A casino is probably one of the biggest “playgrounds” for adults. The ads make it look like carefree fun, but in a casino, everything is orchestrated, from the layout to the carefully constructed service.
When it comes to playing card games, the odds are never in your favour, but the same goes for slot machines. Behind the button pushing and clinking of coins are complicated algorithms developed by behavioural scientists. As a result, slot machines now bring in 75 to 85 per cent of casino revenues.
Advances in data tracking have been put to use with loyalty cards, which allow casinos to gather large amounts of individual data that pinpoint peoples’ preferences and pain points. These personalised messages are all part of a central server that is called up instantly when you swipe in.
While these advancements may be good news for casinos, they can spell trouble for individuals. There have been calls to implement regulations to help individuals who get easily addicted to the offerings of casinos. Although laws stipulate that the casino cannot change the odds midway through the game, the loyalty programme’s algorithms are all there to keep the casino’s customers coming back for more.
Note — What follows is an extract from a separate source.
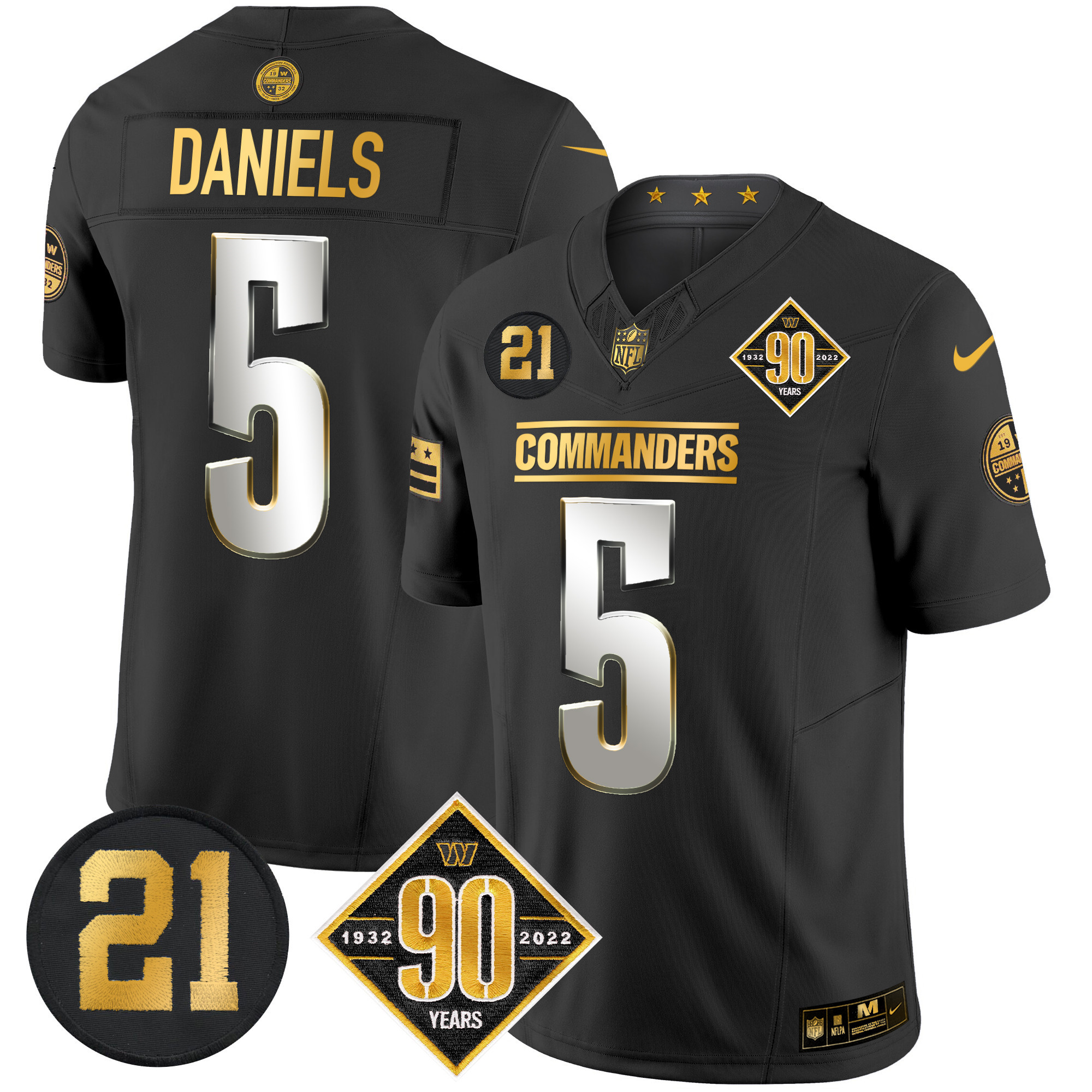 Jayden Daniels Men's Washington Commanders 90th & Sean Taylor Patch Gold Vapor Limited Black Limited Jersey - All Stitched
You might be too young for casinos, but there is a similar aspect to gambling found in games such as Candy Crush or Minion Rush. Researchers have found that the same reward mechanism for attaining something higher plays a part in why these games are so addictive.
But these algorithms can also be put to good use, particularly in the advent of online courses termed as Massive Open Online Courses (MOOCs). Finding the pain points of a student may help these courses fulfill what they set out to do – educate the student. If there is an algorithm to motivate students when they feel less inclined to learn, then students will continue with courses and get more out of them.
Algorithms are around us and part of our daily lives. Like anything, they can work for the better if put to good use.